Where, however, the territory within any sanitary district created under this Act becomes wholly included in one or more municipalities and no part of that territory is in an unincorporated area, any 50 electors residing within the sanitary district may file, within 6 months after being wholly included in one or more municipalities, with the circuit clerk of the county where the district is located, a petition to submit a public question to referendum on whether the sanitary district shall be dissolved. Upon filing the petition with the clerk, the circuit court shall certify the question to the proper election officials who shall submit the question at an election in accordance with the general election law. Notice of the referendum shall be given, and the referendum shall be conducted, in the manner provided by the general election law.
The question shall be in substantially the following form:
If a majority of the votes cast on this question are not in favor of dissolution of the sanitary district, the sanitary district shall continue in operation.
If a majority of the votes cast on this question are in favor of dissolution, then the district is dissolved.
If no petition for referendum is filed with the circuit clerk within that 6-month period, then that sanitary district is dissolved by operation of law at the end of that 6-month period. In that event, each of the municipalities within which the territory of that district is located (a) shall be responsible for providing sewers for collecting and disposing of sewage and, if a water supply system was operated by the sanitary district, for supplying water in the part of the district's territory situated within the municipal corporate limits; and (b) shall be liable for that part of any revenue bonded indebtedness of the district outstanding at the time of its dissolution that is in the same proportion of the total outstanding revenue bonded indebtedness as the territory of the district included in that municipality is of the total territory in the district. The general obligation indebtedness of the dissolved district shall be paid from the proceeds of continuing taxes and special assessments as provided in Section 35. The corporate authorities of the municipalities affected shall agree as to the distribution of any personal property of the sanitary district.
The corporate authorities of any municipality required to provide sewer or water service under this Section may levy and collect for that purpose a tax upon the taxable property within that municipality, the aggregate amount of which for each year may not exceed .25% of the value of such property as equalized or assessed by the Department of Revenue and that tax shall be in addition to taxes authorized to be levied for the general corporate purposes of the municipality.

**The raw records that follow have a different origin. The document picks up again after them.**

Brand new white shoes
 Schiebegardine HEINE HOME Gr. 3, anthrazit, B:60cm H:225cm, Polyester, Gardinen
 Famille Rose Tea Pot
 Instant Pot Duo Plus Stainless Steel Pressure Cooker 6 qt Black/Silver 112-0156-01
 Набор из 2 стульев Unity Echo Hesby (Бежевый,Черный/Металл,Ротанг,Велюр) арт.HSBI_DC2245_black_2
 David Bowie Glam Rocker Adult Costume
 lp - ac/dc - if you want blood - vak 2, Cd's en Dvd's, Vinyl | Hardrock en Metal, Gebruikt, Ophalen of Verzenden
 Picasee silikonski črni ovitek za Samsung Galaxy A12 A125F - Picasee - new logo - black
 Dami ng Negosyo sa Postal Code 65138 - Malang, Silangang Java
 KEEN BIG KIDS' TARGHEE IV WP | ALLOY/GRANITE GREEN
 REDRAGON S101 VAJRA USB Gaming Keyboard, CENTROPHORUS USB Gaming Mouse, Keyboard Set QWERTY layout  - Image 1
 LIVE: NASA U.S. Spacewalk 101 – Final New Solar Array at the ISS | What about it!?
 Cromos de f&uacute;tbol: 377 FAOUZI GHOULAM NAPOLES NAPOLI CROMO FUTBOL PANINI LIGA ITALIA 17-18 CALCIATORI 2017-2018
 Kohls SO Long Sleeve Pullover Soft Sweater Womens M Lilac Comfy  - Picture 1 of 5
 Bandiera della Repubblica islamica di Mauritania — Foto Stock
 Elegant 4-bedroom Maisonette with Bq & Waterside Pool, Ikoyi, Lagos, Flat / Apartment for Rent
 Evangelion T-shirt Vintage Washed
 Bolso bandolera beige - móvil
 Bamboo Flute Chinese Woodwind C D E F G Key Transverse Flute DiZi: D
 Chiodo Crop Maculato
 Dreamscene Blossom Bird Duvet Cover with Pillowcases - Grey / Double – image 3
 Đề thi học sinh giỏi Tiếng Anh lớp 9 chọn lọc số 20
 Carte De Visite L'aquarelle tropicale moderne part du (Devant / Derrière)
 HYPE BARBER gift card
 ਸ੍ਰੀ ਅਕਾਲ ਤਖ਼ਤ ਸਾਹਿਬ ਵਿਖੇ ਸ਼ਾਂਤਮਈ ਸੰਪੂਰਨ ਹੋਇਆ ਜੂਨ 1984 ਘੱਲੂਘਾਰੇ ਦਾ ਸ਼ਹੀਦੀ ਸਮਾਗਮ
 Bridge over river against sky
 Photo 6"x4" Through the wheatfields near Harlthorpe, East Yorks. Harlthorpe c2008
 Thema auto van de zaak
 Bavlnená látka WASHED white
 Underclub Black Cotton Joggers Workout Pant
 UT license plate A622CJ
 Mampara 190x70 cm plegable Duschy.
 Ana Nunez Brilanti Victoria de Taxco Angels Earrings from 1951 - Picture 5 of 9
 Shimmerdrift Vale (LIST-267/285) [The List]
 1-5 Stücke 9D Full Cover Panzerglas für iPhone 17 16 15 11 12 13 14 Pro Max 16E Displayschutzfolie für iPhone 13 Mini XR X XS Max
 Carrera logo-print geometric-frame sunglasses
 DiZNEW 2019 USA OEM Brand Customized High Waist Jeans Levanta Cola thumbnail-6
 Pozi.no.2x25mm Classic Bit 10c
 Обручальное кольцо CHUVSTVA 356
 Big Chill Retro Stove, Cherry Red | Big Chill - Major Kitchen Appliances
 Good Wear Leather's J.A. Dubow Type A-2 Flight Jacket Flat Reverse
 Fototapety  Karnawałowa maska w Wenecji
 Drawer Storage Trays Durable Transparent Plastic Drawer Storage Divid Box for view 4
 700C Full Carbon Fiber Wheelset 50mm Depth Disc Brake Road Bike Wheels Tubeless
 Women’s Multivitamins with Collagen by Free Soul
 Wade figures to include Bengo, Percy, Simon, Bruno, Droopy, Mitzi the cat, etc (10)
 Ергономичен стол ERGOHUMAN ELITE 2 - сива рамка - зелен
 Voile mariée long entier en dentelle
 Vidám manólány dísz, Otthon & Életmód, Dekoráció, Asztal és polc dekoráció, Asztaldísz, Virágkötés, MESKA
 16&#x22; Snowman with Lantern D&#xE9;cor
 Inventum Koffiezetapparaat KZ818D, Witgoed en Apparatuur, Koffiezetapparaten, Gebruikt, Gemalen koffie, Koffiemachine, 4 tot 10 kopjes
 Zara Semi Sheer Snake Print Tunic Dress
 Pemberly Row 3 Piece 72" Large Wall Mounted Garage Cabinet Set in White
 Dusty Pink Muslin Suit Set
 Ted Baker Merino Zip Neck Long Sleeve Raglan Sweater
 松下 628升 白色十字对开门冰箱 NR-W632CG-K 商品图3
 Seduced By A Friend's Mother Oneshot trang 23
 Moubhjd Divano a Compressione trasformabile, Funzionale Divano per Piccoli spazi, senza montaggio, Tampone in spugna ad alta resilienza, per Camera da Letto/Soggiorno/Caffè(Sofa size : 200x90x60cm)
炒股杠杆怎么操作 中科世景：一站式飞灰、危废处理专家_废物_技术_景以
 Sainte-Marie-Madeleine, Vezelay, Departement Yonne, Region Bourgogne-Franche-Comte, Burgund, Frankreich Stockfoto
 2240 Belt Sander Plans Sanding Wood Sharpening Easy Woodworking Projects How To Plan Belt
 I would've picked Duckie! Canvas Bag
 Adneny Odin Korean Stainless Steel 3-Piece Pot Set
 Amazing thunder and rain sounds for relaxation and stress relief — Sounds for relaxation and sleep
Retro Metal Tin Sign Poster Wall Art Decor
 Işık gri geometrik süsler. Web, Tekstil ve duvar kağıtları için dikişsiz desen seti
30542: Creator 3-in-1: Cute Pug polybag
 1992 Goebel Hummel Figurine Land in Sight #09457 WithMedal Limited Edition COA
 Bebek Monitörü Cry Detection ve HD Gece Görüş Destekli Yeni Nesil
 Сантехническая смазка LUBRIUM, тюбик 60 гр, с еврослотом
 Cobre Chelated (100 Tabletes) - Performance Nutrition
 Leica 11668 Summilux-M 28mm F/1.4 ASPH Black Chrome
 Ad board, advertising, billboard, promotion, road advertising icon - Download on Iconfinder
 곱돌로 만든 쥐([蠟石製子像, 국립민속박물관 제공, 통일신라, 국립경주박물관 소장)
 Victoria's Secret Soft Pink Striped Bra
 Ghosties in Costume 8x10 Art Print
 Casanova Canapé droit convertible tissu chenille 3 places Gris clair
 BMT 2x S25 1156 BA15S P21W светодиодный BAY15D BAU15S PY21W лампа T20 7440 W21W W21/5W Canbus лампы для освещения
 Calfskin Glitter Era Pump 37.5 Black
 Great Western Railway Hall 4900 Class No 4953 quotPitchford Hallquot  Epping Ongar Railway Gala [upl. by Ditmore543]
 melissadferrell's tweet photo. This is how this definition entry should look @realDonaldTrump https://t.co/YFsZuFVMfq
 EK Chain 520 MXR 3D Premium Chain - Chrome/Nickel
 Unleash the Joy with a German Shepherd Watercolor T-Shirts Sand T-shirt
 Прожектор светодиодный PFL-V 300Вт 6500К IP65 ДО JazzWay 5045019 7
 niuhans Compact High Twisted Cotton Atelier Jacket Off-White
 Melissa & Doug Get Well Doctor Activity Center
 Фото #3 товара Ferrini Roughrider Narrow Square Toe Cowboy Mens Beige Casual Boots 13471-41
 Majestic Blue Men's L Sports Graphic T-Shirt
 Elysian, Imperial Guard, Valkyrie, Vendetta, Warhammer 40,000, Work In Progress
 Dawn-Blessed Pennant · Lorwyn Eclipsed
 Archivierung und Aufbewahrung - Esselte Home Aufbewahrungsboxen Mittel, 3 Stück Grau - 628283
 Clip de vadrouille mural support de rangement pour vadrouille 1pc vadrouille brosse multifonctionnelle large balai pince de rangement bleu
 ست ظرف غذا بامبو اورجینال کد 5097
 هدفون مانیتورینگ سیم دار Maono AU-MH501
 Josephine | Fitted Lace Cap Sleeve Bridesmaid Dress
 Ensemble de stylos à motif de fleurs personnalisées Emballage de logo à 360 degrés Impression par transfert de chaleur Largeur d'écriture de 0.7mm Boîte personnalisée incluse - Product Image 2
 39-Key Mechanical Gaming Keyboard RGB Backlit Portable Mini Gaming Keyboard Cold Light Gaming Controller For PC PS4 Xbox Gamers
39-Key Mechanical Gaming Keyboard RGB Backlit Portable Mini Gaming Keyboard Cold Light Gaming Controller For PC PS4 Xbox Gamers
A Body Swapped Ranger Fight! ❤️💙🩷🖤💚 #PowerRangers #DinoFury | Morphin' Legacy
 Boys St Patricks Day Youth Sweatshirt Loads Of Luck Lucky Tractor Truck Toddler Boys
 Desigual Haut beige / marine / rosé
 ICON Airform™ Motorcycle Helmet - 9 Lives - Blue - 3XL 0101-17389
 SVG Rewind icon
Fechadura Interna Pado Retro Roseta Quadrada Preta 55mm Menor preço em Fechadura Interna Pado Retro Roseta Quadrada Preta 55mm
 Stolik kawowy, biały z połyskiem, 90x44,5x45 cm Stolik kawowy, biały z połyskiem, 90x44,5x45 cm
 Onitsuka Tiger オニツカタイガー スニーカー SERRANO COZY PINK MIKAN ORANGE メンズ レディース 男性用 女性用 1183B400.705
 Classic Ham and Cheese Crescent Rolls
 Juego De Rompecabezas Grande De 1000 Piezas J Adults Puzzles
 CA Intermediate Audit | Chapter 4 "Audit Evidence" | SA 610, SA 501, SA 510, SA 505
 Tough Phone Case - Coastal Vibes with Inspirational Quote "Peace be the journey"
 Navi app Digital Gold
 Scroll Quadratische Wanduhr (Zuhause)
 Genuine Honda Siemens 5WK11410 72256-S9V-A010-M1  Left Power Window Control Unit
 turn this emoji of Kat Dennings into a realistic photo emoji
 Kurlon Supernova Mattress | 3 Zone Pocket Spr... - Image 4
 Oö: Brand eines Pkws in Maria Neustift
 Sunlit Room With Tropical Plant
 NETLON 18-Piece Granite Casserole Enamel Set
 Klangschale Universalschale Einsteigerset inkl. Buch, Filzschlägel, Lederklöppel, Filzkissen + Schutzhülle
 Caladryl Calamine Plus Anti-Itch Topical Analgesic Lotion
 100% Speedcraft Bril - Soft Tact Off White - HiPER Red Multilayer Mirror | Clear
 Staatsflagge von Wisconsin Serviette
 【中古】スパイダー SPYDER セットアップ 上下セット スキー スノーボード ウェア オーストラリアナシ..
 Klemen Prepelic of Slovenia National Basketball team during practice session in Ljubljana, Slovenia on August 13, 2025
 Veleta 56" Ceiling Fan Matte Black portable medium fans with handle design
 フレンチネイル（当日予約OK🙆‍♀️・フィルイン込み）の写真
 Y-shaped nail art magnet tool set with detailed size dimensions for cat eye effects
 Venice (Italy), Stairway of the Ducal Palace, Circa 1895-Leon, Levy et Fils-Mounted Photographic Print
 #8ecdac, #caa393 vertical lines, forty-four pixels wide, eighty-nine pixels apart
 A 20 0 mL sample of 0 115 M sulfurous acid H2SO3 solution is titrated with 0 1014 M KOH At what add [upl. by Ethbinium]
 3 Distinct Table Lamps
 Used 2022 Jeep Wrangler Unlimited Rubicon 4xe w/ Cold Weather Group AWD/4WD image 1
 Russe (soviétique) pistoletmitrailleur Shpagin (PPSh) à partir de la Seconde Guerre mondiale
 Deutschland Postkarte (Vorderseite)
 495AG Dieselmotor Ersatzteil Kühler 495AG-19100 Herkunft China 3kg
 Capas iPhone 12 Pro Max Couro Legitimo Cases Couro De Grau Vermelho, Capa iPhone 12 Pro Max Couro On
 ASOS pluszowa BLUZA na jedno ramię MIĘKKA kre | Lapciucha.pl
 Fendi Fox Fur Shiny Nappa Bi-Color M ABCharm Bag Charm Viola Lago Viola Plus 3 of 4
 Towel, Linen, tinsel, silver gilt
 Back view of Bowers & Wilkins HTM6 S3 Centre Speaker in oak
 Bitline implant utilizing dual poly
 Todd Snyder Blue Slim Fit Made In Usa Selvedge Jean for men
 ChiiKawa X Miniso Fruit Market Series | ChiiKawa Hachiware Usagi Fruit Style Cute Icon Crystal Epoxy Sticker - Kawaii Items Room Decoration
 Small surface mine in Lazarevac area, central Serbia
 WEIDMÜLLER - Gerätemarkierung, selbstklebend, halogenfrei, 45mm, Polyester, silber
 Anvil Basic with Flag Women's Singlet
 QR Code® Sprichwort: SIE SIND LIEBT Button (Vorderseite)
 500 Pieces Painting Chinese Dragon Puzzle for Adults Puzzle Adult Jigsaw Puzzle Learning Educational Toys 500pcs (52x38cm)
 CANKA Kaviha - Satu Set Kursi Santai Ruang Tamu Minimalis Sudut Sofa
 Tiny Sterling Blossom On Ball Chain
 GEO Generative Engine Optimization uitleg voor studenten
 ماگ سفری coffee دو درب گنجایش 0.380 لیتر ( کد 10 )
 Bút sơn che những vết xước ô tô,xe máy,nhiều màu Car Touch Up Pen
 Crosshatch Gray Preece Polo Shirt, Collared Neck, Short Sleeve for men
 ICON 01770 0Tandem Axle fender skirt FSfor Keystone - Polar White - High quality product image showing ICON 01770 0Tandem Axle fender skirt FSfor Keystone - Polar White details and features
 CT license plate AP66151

If any tax has been levied for sewer and water purposes after October 14, 1969 and before the effective date of this amendatory Act by a municipality which would have power to levy such a tax under this amendatory Act, that tax is expressly validated.
(Source: P.A. 89-558, eff. 7-26-96.)
(70 ILCS 2805/37.1)
Sec. 37.1. Dissolution of district with no employees and no bond indebtedness; winding up sanitary district business; tax by acquiring municipalities.
(a) Any sanitary district created under this Act which is located in a county having a population of 3,000,000 or more, which is wholly included in 3 or more municipalities, which no part is included in any unincorporated area, which has no employees, and which has no revenue bond indebtedness shall, upon July 10, 2015 (the effective date of Public Act 99-14), be dissolved by operation of law. Each of the municipalities within the territory of a dissolved sanitary district shall be responsible for providing sewers for collecting and disposing of sewage.
(b) The officers of any dissolved sanitary district immediately preceding July 10, 2015 (the effective date of Public Act 99-14) shall close up the business affairs of the sanitary district by conveying title of a dissolved sanitary district's property to the municipalities collecting and disposing of sewage and by liquidating any remaining personal property of a dissolved sanitary district. After all the debts and obligations of the dissolved sanitary district have been satisfied, any remaining monies shall be distributed to the municipalities collecting and disposing of sewage in proportion to the percentage of territory located within the boundaries of each affected municipality.
(c) The corporate authorities of any municipality required to provide sewer service under this Section after the dissolution of a sanitary district is hereby authorized to levy and collect a tax for the purpose of maintaining, constructing or replacing sewers, upon the taxable property within that municipality, the aggregate amount of which for each year may not exceed 0.25% of the value of such property as equalized or assessed by the Department of Revenue and that tax shall be in addition to any taxes that may otherwise be authorized to be levied for the general corporate purposes of the municipality as currently provided in Section 37 of this Act. Any outstanding obligations of the dissolved sanitary district shall be paid from the taxes levied and collected pursuant to this subsection.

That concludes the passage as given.